Top: Image Enchancement using ClearVU
Bottom: Image Enchancement using the Relief Mode
You also need to make sure that you can capture all of the necessary images you need. Some systems, for instance, will not allow you to take vertical bitewing X-rays. Others, because of the way in which the cord is attached to the sensor, make it very difficult to position the sensor for capturing the third molars. If the sensor is the heart of a digital radiography system, the software is the brain. And it helps enormously if youbuy a really smart system. By smart I mean one that will enable you to set in advance exactly the order in which you want to take your full mouth series and just how you want them “mounted,” that is, displayed on the screen. You want to “set it and forget it,” so the system knows every time just how you want the X-rays captured and you don’t have to specify it for every patient.
And by smart I mean a system that doesn’t require you to go through a series of pulldown menus every time you want to do a routine software operation, such as magnifying an image. Look for a system that has incorporated software procedures into singleclick operations. Selecting one from column A and one from column B might be OK if you’re out to dinner, but it’s no good when you’re taking X-rays. One-click software procedures will save you time and aggravation.
A third area where choosing the right digital radiography vendor is important is image management. The first thing that digital radiography does is store X-ray images on the computer, so you no longer need to go fumbling through file folders and retrieving film images every time you want to send an X-ray to an insurance company or to another dental specialist. The best digital radiography systems have automated these procedures to a very high degree, even to the point where they enable you to send images to specific insurance providers as part of their procedures. This saves a tremendous amount of time and work on the part of your administrative team.
In the not-too-distant future, I’m confident that all dental imaging will be digital, as it is now in many offices, my own included. You want a system that will enable you to display all types of digital images, including intraoral X-rays, extraoral (panoramic and cephalometric) X-rays, intraoral photographic images, and extraoral photographic images. And you need to be able to display similar X-rays taken at different times side-by-side on the computer screen, so you can compare progress over time.

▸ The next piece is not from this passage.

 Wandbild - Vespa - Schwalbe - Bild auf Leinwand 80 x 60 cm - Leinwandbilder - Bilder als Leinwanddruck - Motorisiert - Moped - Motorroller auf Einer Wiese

I’ve often said that I don’t see how you can practice dentistry today without converting to digital radiography, and I stand firm in that conviction. Given what digital radiography will do for a practice in the areas of enhanced diagnostic capability, patient appreciation and involvement, as well as image management, I think it’s incumbent on every dentist to do the homework and install the best digital radiography system available. It’s no longer a “nice-to-have.” In the current environment, it’s a necessity.